> **Work order**: Exactly as they appear, print the line with "ひとりで、みちのく杜の湖畔公園へ来ました。ここは、仙台より桜の開花は遅いです。" and each line after it through the end of the entries below; leave out pictures.
··· Records supplied ···
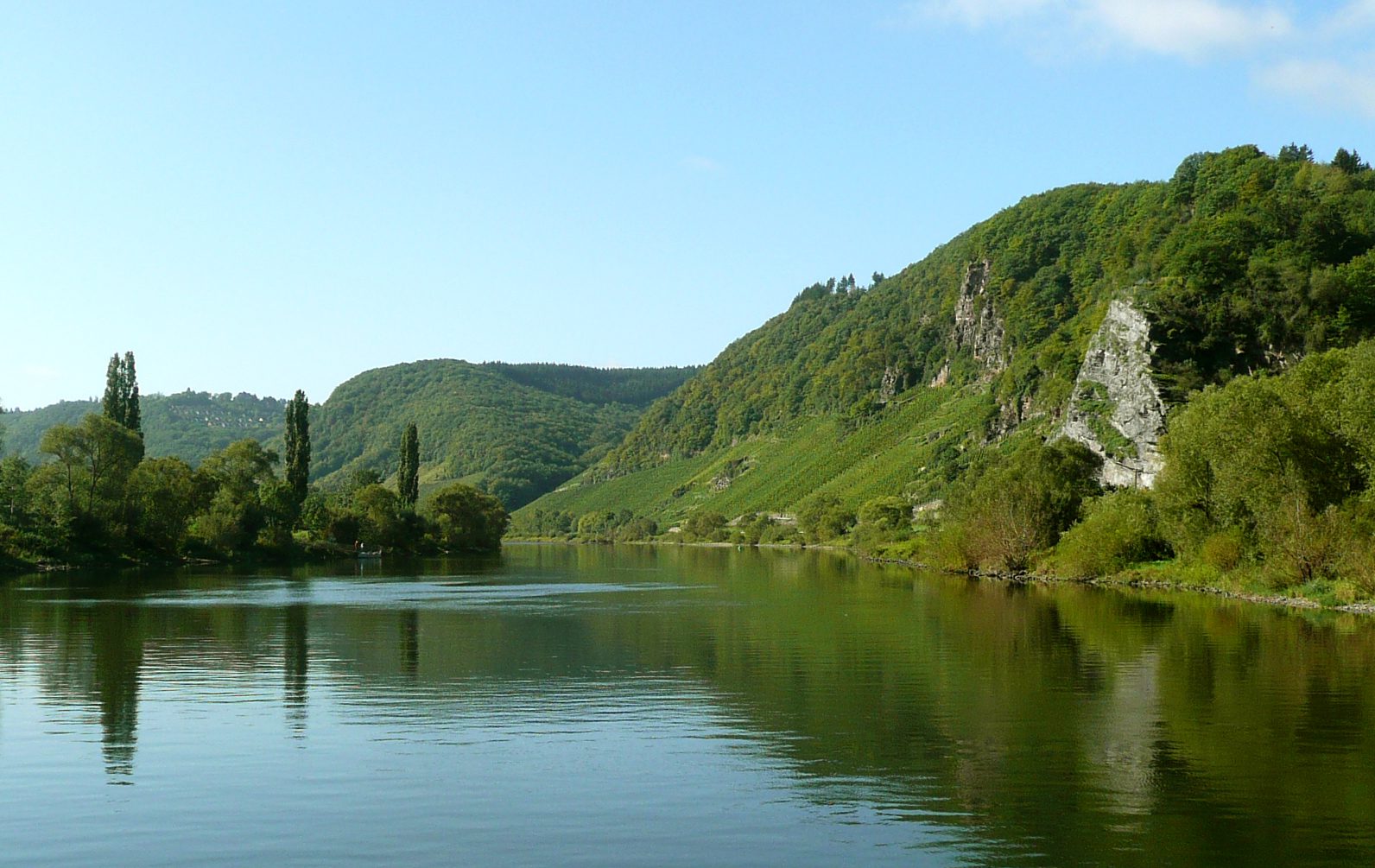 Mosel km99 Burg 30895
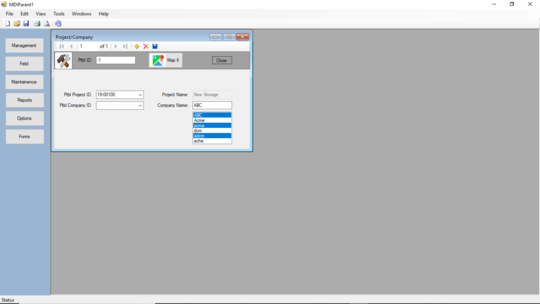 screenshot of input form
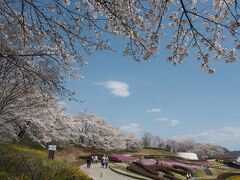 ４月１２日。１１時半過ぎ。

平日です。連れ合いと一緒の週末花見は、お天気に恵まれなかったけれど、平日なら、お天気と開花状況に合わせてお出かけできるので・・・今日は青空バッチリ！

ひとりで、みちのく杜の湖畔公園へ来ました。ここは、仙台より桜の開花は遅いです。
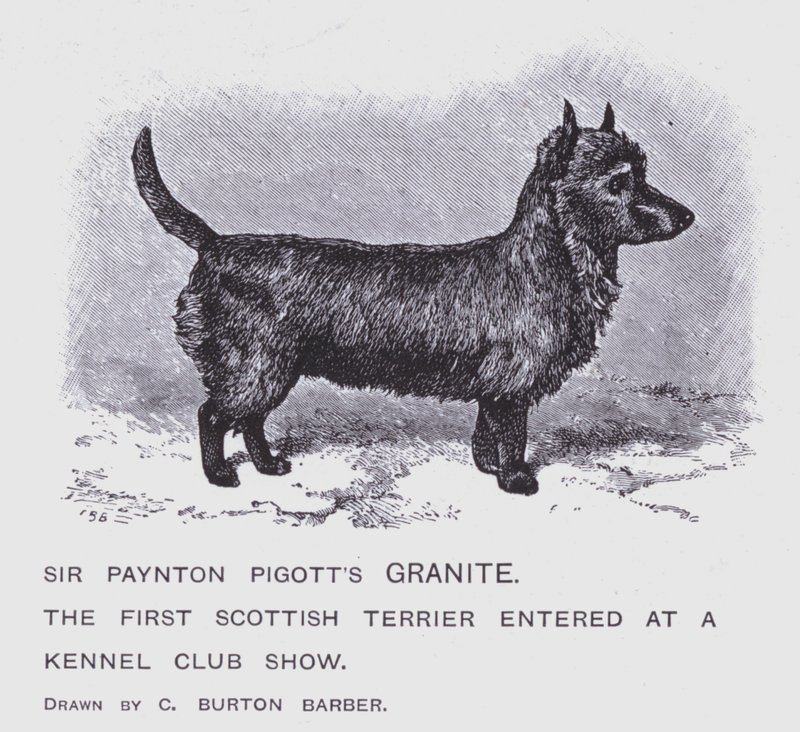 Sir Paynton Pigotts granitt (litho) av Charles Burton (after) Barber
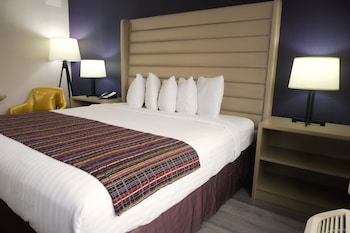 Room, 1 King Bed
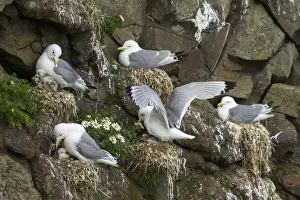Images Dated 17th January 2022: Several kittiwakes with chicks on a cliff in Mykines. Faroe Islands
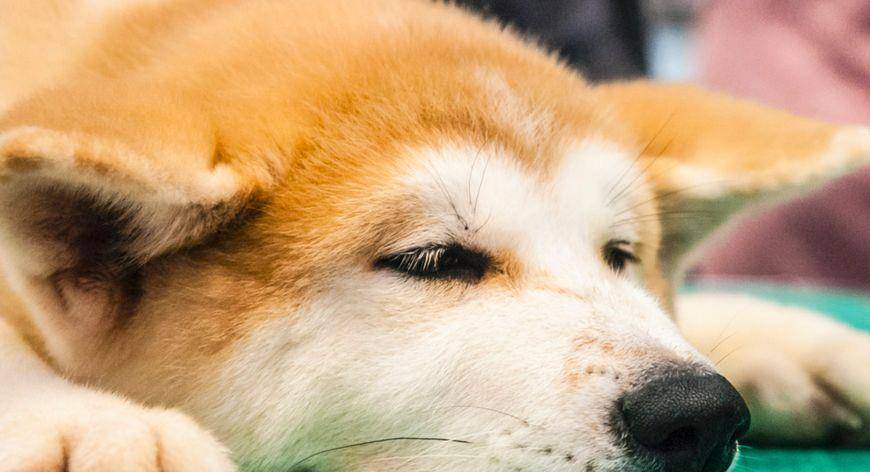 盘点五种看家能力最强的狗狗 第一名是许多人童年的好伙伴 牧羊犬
···
> **Output for this exercise**:
ひとりで、みちのく杜の湖畔公園へ来ました。ここは、仙台より桜の開花は遅いです。
 Sir Paynton Pigotts granitt (litho) av Charles Burton (after) Barber
 Room, 1 King Bed
Images Dated 17th January 2022: Several kittiwakes with chicks on a cliff in Mykines. Faroe Islands
 盘点五种看家能力最强的狗狗 第一名是许多人童年的好伙伴 牧羊犬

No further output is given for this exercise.